Fait ou légende – Les nazis avaient-ils prévu d’ouvrir un musée d’une race (juive) éteinte?
par Ronen Dorfan
En 2014, je suis allé en Bosnie pour faire un reportage sur le sauvetage de la Haggadah de Sarajevo, qui est l’un des plus anciens livres juifs au monde. Il a été sauvé par des conservateurs musulmans lors de deux guerres différentes – la Seconde Guerre mondiale et la guerre des Balkans.
L’histoire m’a été racontée par Enver Imamovic, qui a sauvé la Haggadah dans les années 1990. Selon lui, pendant la Seconde Guerre mondiale, le bibliothécaire, le Dr Dervis Korkut, l’a sauvée des griffes du criminel nazi, Johann Hans Fortner, qui a été envoyé à Sarajevo pour saisir la Haggadah et l’ajouter à une collection de Judaica que les nazis se rassemblaient à Prague.

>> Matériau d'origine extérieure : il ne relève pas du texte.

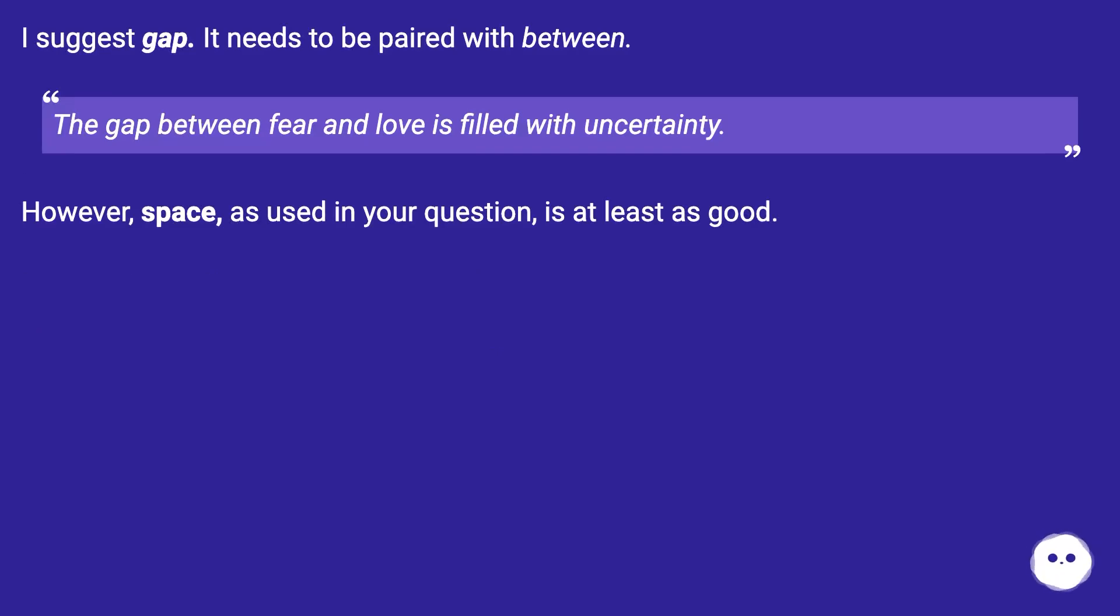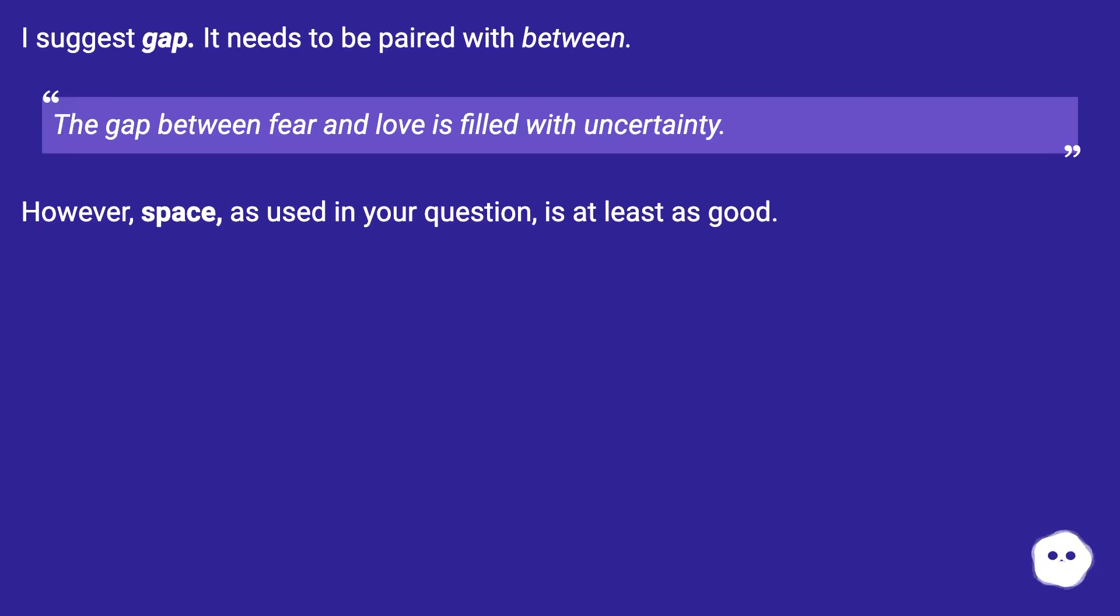I suggest gap. It needs to be paired with between. The gap between fear and love is filled with uncertainty. However, space, as used in your question, is at least as good.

Korkut a caché la Haggadah dans les montagnes, où elle est restée jusqu’à ce que les nazis soient vaincus.
Ce n’est pas une fabrication – Korkut a été reconnu par Yad Vashem comme étant un juste parmi les nations également pour avoir sauvé une fille juive. Eli Tauber, l’un des chefs de la communauté juive de Sarajevo, a vérifié l’histoire. Korkut s’est même plaint que bien que la Haggadah ait été sauvée, Fortner a réussi à voler les archives officielles de la communauté, effaçant son histoire détaillée remontant à des centaines d’années.
Apparemment, la collection dont la Haggadah était censée faire partie est le Musée juif de Prague, qui a été créé en 1906 et est aujourd’hui un site populaire qui attire les visiteurs juifs et non juifs.
Mais selon l’une des théories, après avoir gagné la guerre et atteint leur objectif primordial d’anéantir le peuple juif en Europe, les nazis avaient l’intention d’ouvrir un musée qui commettrait un deuxième génocide et dépeindrait les Juifs comme un peuple qui devait être exterminé. parce qu’ils étaient une race décadente et parasitaire.
C’est pourquoi les nazis conservaient une collection séculaire d’objets juifs à Prague. Ces efforts faisaient partie du travail effectué par l’Institut de recherche sur la question juive, qui était engagé dans la recherche d’une prétendue justification scientifique de l’extermination des Juifs.
L’existence de cette théorie a également un lien avec une exposition itinérante aux États-Unis qui a ouvert ses portes en 1983.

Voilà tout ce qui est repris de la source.